Что звукам тем причина?
Как объяснить нам,
с кем вошли в контакт?
Прихлынет к скалам водная пучина
и тут же звёзды колыхнутся в такт.
Из недр остывших выползет туман,
вздохнёт вулкан – иначе кто? – негромко,
и кажется, небесный океан
впадает в кратер, словно бы в воронку.
А на заре, когда туманы тают,
увидит сокол, взмыв из-за гряды:
на гальке, высыхая, исчезают
неясные и странные следы…
И, онемев,
едва придя в сознанье,
уходишь ты, тоскуя и скорбя,
вдруг осознав песчинкой мирозданья,
космической былинкою себя…
11
… Со спиннингами,
сумками,
кефиром,
по скифским валунам Тавриды,
тропинкою, бегущей под инжиром,
несёмся к катерам – на лов ставриды.
Кто вышел в море, ну хотя бы раз,
тот не осудит наших душ устройство,
тот мне простит и вычурность прикрас,
и хвастовство, и мнимое геройство.
Тот сам, как я, наверное, искал
ответ, как превзойти повадку рыбью.
Нас не пугает море мёртвой зыбью
и не пугает острых скал оскал…
Когда наш катер повернёт домой
и горизонт подёрнет дымкой синей,
дельфинов лакированные спины
вдруг замелькают
прямо
за кормой…
12
… Хрипит динамик. Меркнет день на склонах.

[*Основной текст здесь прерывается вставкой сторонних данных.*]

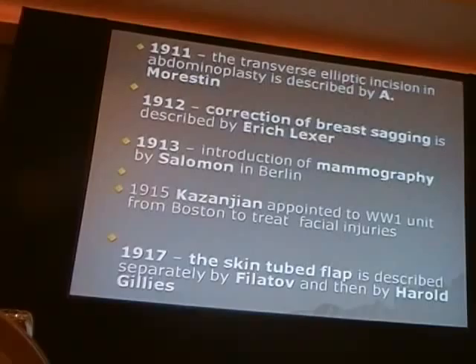In 1911, an elliptical incision was described by Moreston. Dr. Lexer followed in 1912, and mammography was introduced in 1913 as a way of examining breasts.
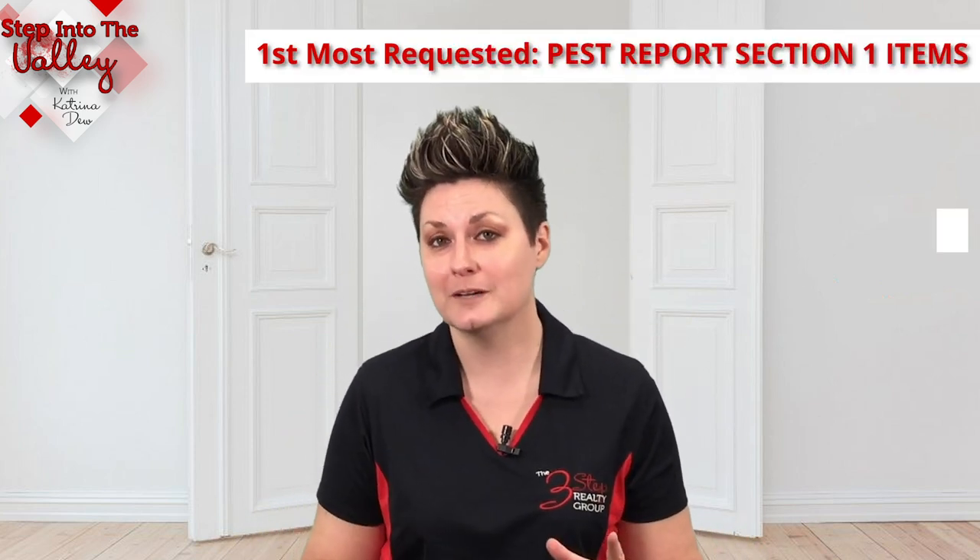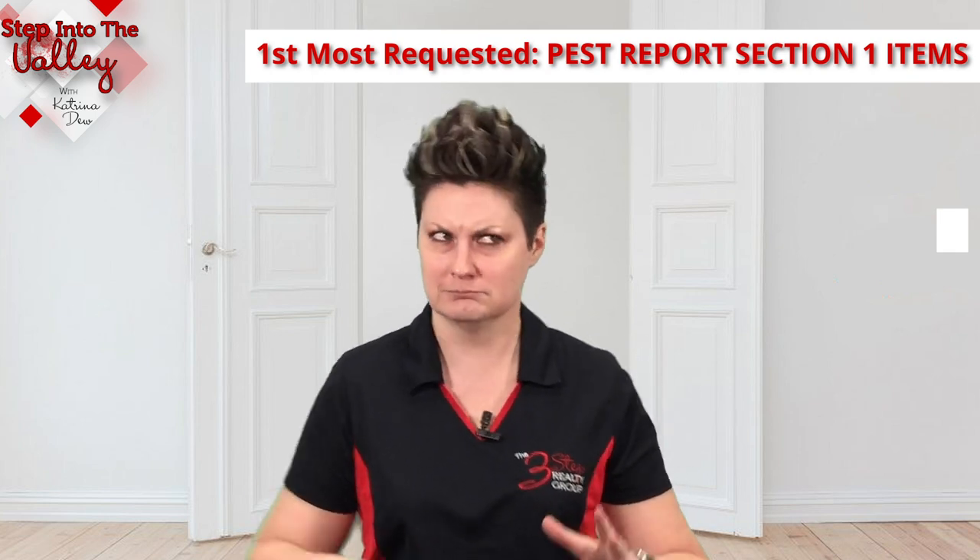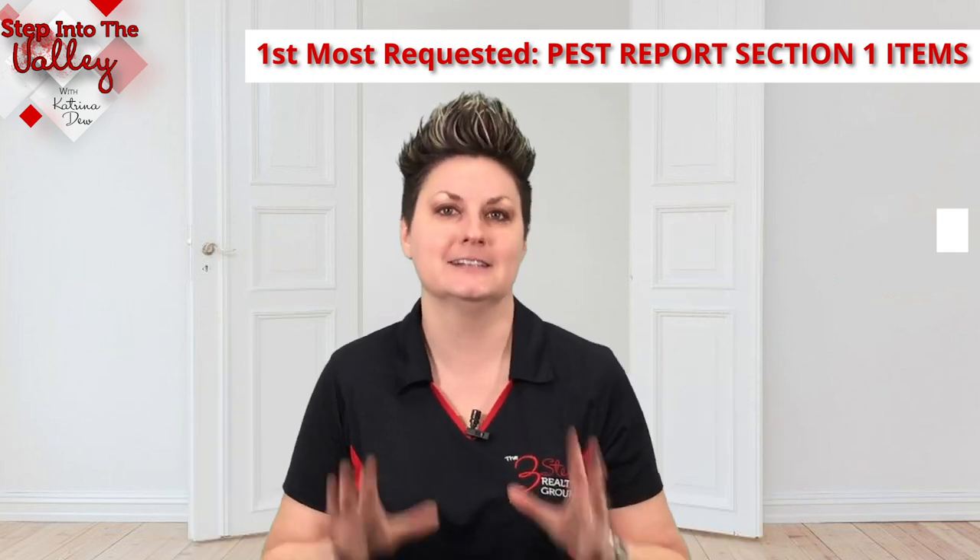The very first one that ranks on the top for me is Section 1 Repairs of a Pest Report. Let me explain a pest report. When you have a pest inspection done on a home — a wood-destroying termite, wood-destroying pest report inspection — what they do is they categorize the repairs that they find into three categories.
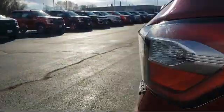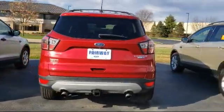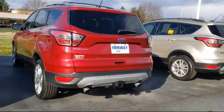It also features Sirius XM satellite radio, parking sensors, rear spoiler, electronic stability control, and has less than 80,000 miles on the odometer.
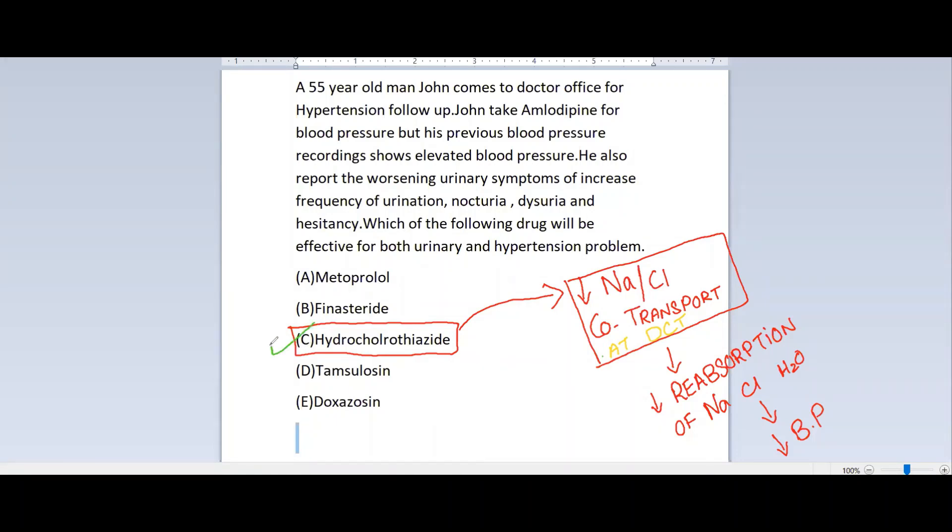Hydrochlorothiazide is basically a thiazide diuretic that inhibits the sodium-chloride co-transporter at the distal convoluted tubules of the nephron. It leads to decreased reabsorption of sodium chloride and water, which ultimately leads to decreased blood pressure. However, hydrochlorothiazide has no role in the treatment of benign prostatic hyperplasia, and therefore it does not relieve the urinary symptoms of this patient.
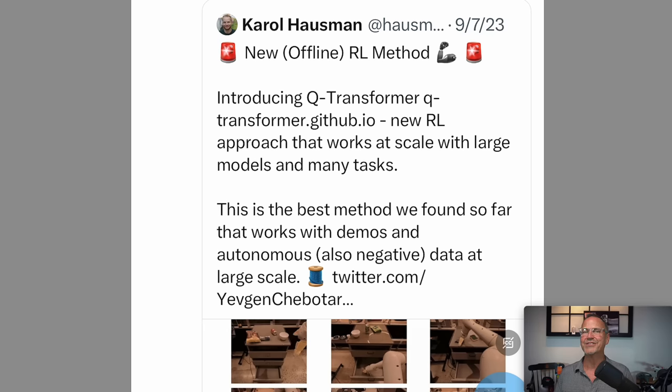You need a system that can converge more rapidly, and that's where Q Transformers come in — potentially what Tesla is working on right now. This post from September 7th is from Carol Hausman at Google DeepMind. He says: introducing Q Transformer, which is a new reinforcement learning approach that works at scale with large models and many tasks. This is the best method we found so far that works with demos and autonomous, also negative data at large scale. Note that he says demos — a human being could show it how to do something — and also autonomous data, which means stuff that it can self-generate, things it can play through itself.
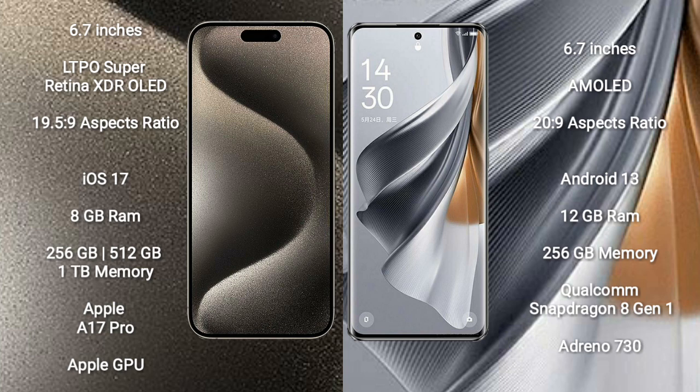Oppo Reno 10 Pro Plus comes with 12GB or 16GB RAM and 256GB or 512GB internal storage, powered by the Qualcomm Snapdragon 8 Gen 1 processor with Adreno 730 GPU.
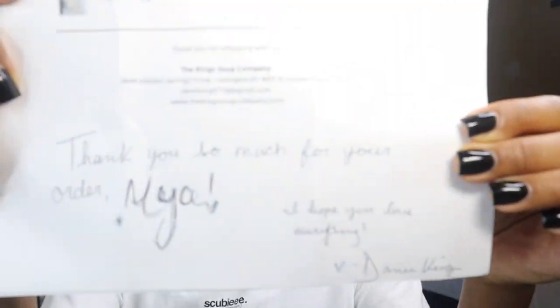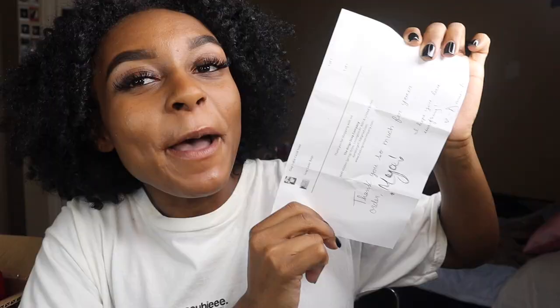I think it's signed Danny King — I'm not sure, I can't read cursive that well. But this is so cute, I love this personalized message. If you're watching this, Miss King Soap, thank you so much for my products — I cannot wait to try them. Thank you for the personalized message, it means a lot to me. And thank you to everyone else watching and supporting me. Stay safe, stay blessed, stay humble, and I hope you have a great morning, evening, night, whatever — I'll see you next time, bye bye!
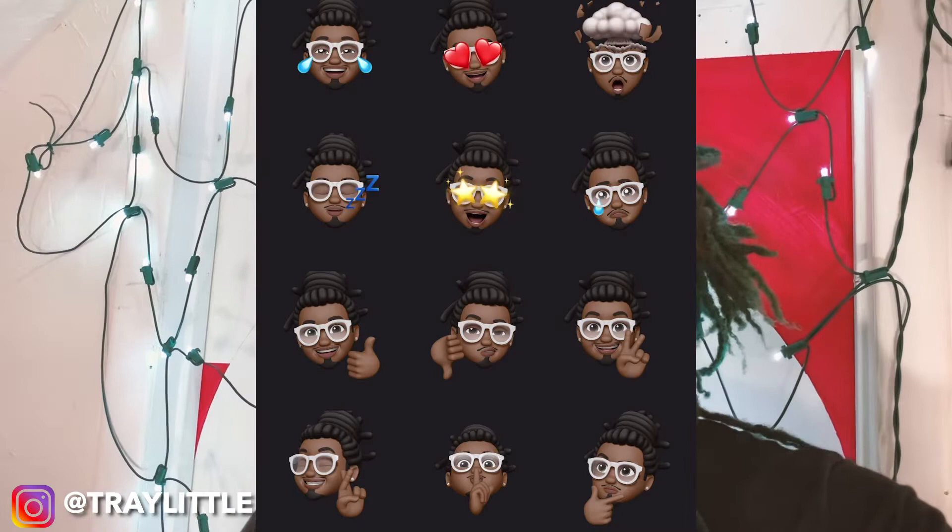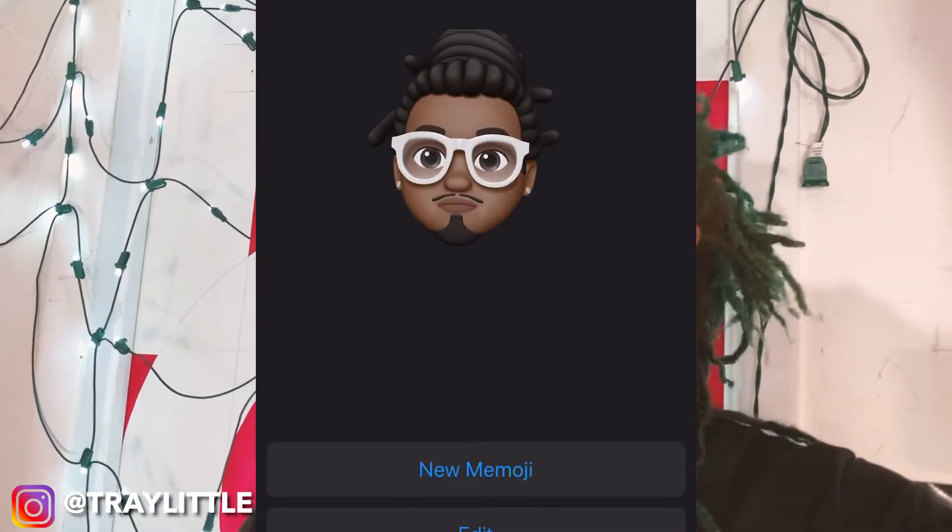I upgraded to iOS 13 and dark mode is amazing. They got the new emojis — this upgrade is super legit. I recommend upgrading to it.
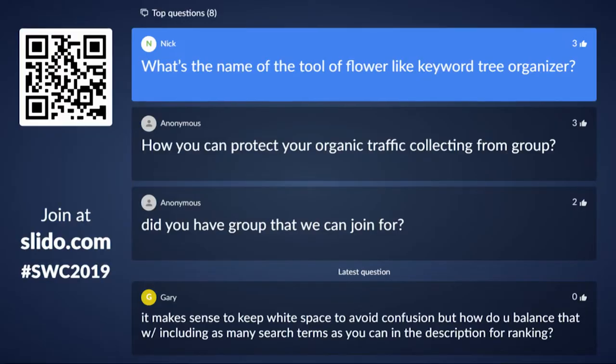The group name is Unstoppable FBA — it's free. And the name of the flower-like keyword tree organizer tool is answerthepublic.com. That's my favorite tool for SEO for finding content ideas. You put in your keyword and it comes up with all the things people search for on Google. The flower visualization — if you click one of them, you go to Google and can see all the content that ranks number one for those questions. It also gives you prepositions, comparisons, and a long-tail alphabetical list. Click 'download CSV' in the top right corner and it gives you a spreadsheet of all that information.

Бурлит бурун. Сигналит катерок.
Утёсы Кара-Дага, видит Бог,
несовместимы с веком электронным,
но и неотделимы…
И скупые
слова не в силах выразить подчас,
как скалы эти, завлекая нас,
звучат органом в вечера иные.
И, как дикарь, вновь веришь чудесам,
навеки потонув в раскатах этих.
Здесь вся душа открыта небесам,
как, может быть, нигде
на целом свете…
13
А что легенда?
Плод мечтаний?
Блеф?
С холмов бегут шпалеры винограда.
И всё-таки для сердца есть отрада
в том, что незыблем местности рельеф.
Что узнаваем каждый поворот
тропы кремнистой, ныне заповедной,
и на отрогах, от заката медных,
прощально солнце, как тюльпан, цветёт…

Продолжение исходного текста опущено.